◆ AIM OF THE EXERCISE: Each line below must be transcribed exactly, and no picture may appear in the transcription.

◆ TASK INPUT:
§
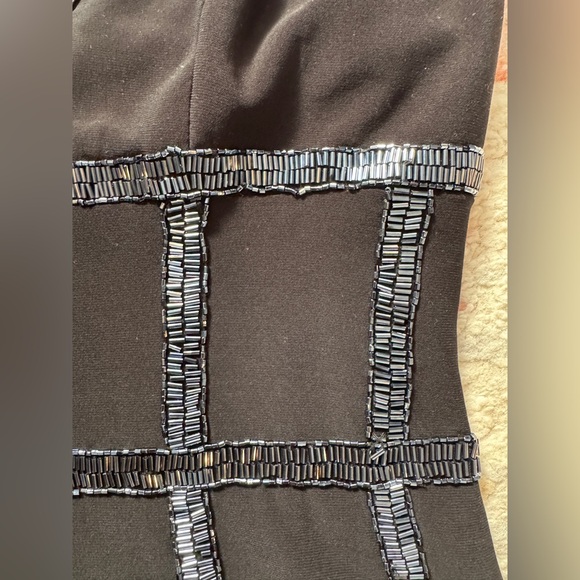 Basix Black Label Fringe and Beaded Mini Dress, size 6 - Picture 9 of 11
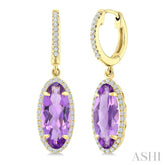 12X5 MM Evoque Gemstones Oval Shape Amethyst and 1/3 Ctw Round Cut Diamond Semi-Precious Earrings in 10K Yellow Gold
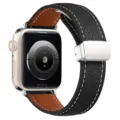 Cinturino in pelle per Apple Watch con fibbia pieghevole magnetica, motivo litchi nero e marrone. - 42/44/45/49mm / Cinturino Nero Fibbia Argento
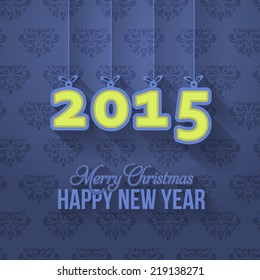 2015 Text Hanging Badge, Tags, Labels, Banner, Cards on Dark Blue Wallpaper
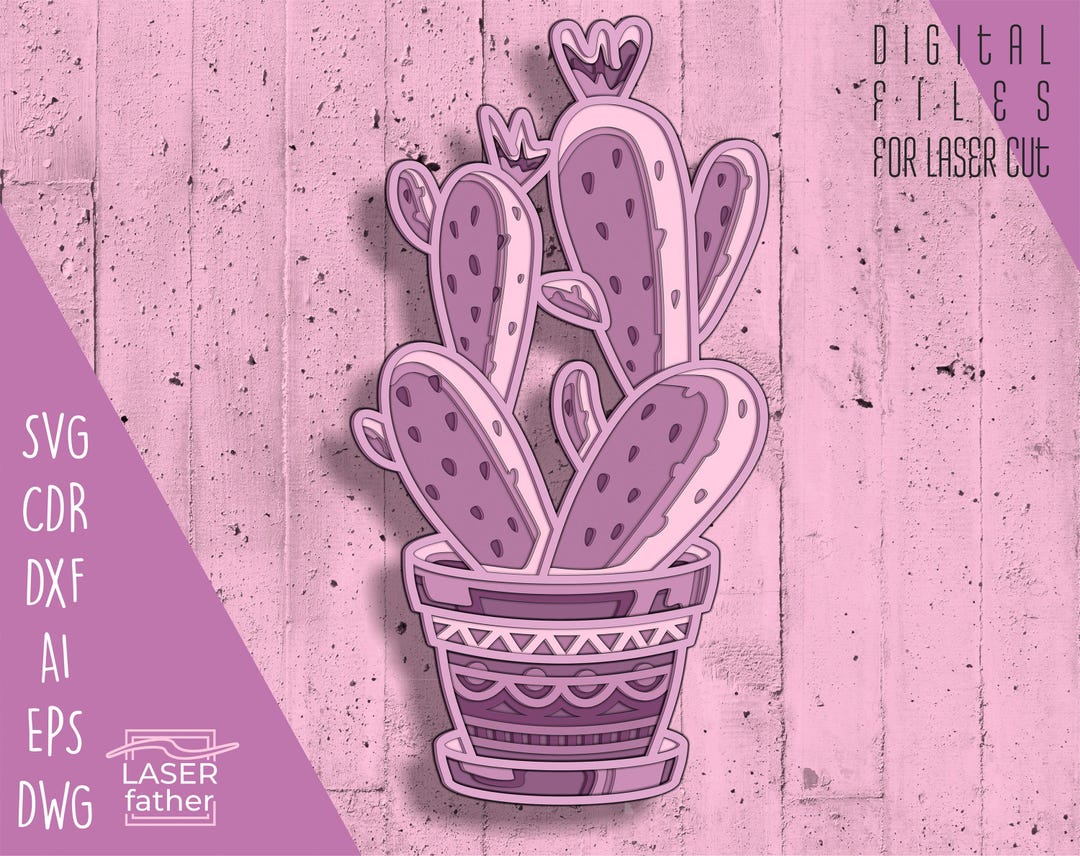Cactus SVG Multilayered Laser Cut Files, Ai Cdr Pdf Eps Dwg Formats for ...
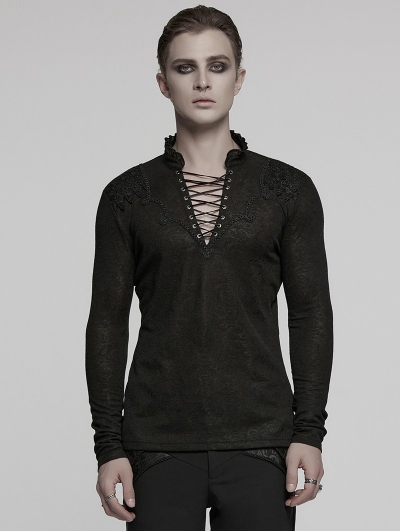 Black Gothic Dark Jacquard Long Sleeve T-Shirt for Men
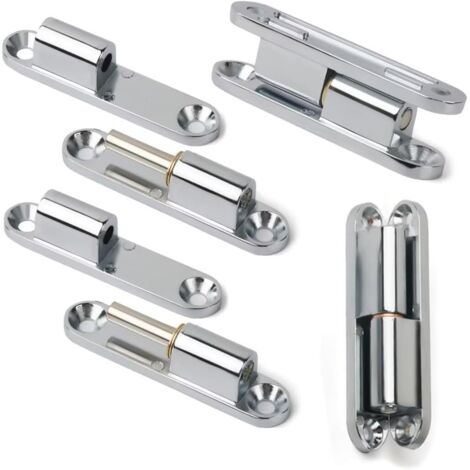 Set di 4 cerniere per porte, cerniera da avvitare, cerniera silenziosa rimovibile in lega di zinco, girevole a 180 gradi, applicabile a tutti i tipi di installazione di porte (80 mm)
§
◆ ANSWER TO THE PROBLEM:
 Basix Black Label Fringe and Beaded Mini Dress, size 6 - Picture 9 of 11
 12X5 MM Evoque Gemstones Oval Shape Amethyst and 1/3 Ctw Round Cut Diamond Semi-Precious Earrings in 10K Yellow Gold
 Cinturino in pelle per Apple Watch con fibbia pieghevole magnetica, motivo litchi nero e marrone. - 42/44/45/49mm / Cinturino Nero Fibbia Argento
 2015 Text Hanging Badge, Tags, Labels, Banner, Cards on Dark Blue Wallpaper
Cactus SVG Multilayered Laser Cut Files, Ai Cdr Pdf Eps Dwg Formats for ...
 Black Gothic Dark Jacquard Long Sleeve T-Shirt for Men
 Set di 4 cerniere per porte, cerniera da avvitare, cerniera silenziosa rimovibile in lega di zinco, girevole a 180 gradi, applicabile a tutti i tipi di installazione di porte (80 mm)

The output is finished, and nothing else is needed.